So now I’m im the habit of paying attention to tire pressure before heading out!

Beginning 180 degrees from the valve stem, I take four clothespins and remove the steel springs. Then I lift up the tire and insert 6-7 clothespin halves in line with the spokes ( since I avoid applying glue to the spoke nipples) between the rim and tire, rolling the tire partially off the rim in order to apply the cement.








The curvature of the clothespin that would normally grip the laundry allows the rim to seat in it, as a pivot point.






Now the tire can be rolled partially from the rim exposing the rim for easy gluing!







you can’t quite get 90 degrees glued at a time, but almost. Stop and check for centered alignment on the rim and that the valve stem is not badly crooked. Then move to your original starting point, working back to the valve stem and carefully checking alignment as you go.
When you are through the valve stem should have normalized back in perfect alignment with the rim. If not don’t panic. Working your way around the tire, lift a pull in the proper direction to center the valve stem in the rim. Then inflate in order to firmly set the glue.




Here I pulled out the inner pins so that the tire can be centered onto the rim slowly and carefully as it suspends the tire above the until you are satisfied with the alignment. So far this seems to be the least messy approach to cementing tubulars! It’s taking me about 30 minutes per tire to get it done now!

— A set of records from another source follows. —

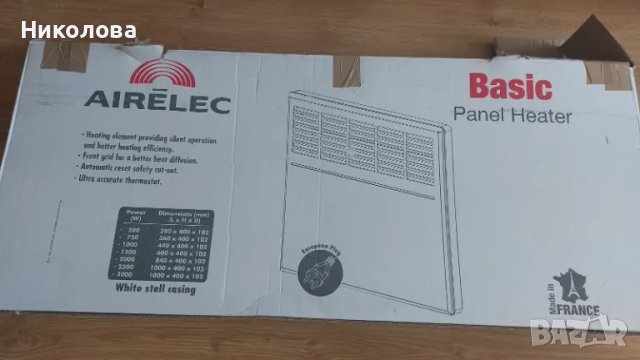 Конвектор Airelec Basic 2500W, снимка 4 - Отоплителни печки - 47989511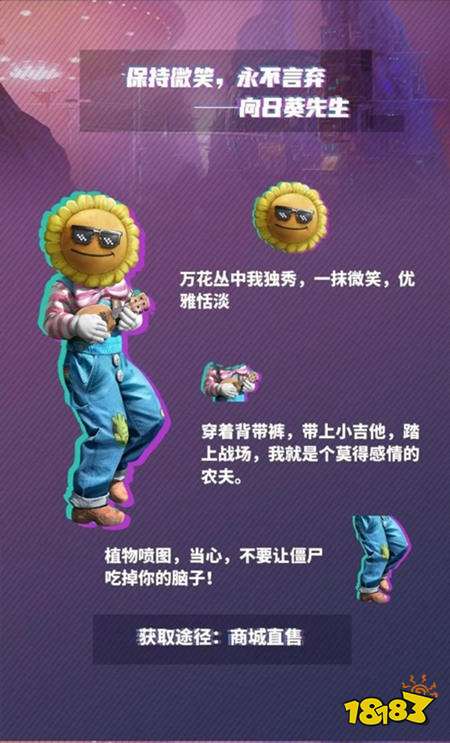 和平精英向日葵先生怎么获取 时装获取方法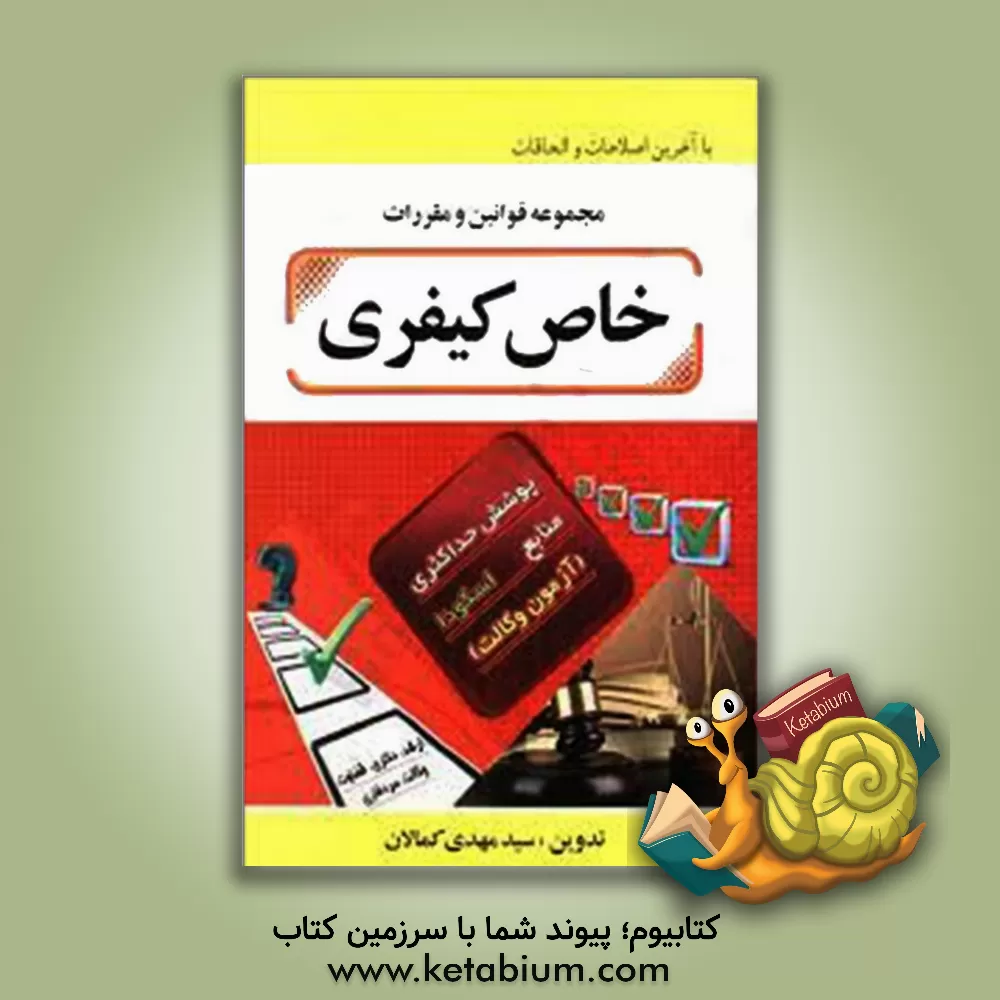 کتاب مجموعه قوانین و مقررات خاص کیفری اثر سیدمهدی کمالان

Also thanks to the CABEr that sold me this bicycle wrench! It was invaluable for removing the bearings and for disassembling the crank arms!


----------



## Pondo (Aug 14, 2021)

Your Pierce is looking great!  It must be a real pleasure to ride too.  Nice method on the tire gluing too, that will come in handy if and when I get some Deans for mine, thanks!


----------



## fat tire trader (Aug 14, 2021)

I would put those pedals back in the OA and lightly scrub them with a tooth brush soaked in the OA.


----------



## rusty_apache (Dec 22, 2021)

I’ll have to give it a try.
Thanks!


----------